I continued this transition from old wheelchair to new wheelchair like kids go through their clothes, albeit a little less often. When I started to become too big for it, we were already starting to plan to get a new one. What I noticed as I got older, and also as I got more active, was how the chairs were transforming. The evidence of the newest technology was mostly in plain sight. The older chairs had more metal and several more nuts and bolts, while the newer chairs had less metal and more welds. The
chairs became lighter and, because I could make them move with less force, I became much faster. My short pushes on the push-rims changed to long strides. What also changed was the angle of the wheels in relation to the chair’s frame. Instead of being straight up-and-down (i.e. perpendicular to the ground), my chairs came with a
wheel axle that was slightly slanted. Because of this, I had a wider wheel base, which meant more stability and faster turning. Ultimately, my chair was growing with me and this new technology was slowly improving my quality of life.

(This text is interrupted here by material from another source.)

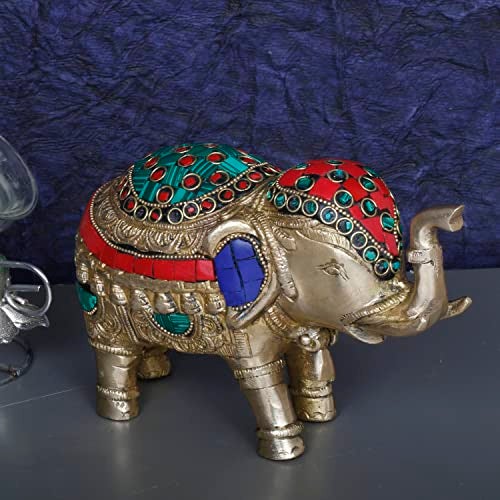 ARTVARKO Elephant Brass with Inlay Work Upraised Trunk Fengsui Vaastu Maharaja Hathi for Good Luck Success Prosperity Home Décor Marriage House Warming Gift 7 Inch. - Image 1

I was no longer bound to the chair. I was a part of it, and it was a part of me. It was like I was given a huge gift to my own freedom. I continued to replace chairs as I got
older as, one-by-one, I wore out each of them. Eventually, in my late-teens, I got my first chair that was fabricated mostly out of titanium. It was quite incredible to feel like nothing was beneath me holding me up as I rolled across asphalt and tile floors. I followed suit when I was in college playing wheelchair basketball for the University of Illinois at Urbana-Champaign, when their wheelchair athletic program gifted me a basketball chair in my sophomore year. That particular wheelchair forever changed the way that I played sports. Not only that, but it also greatly strengthened my perception of a wheelchair as the symbol for my independence. The things that I can do from a basketball chair still inspire me to this day to keep striving for greater things.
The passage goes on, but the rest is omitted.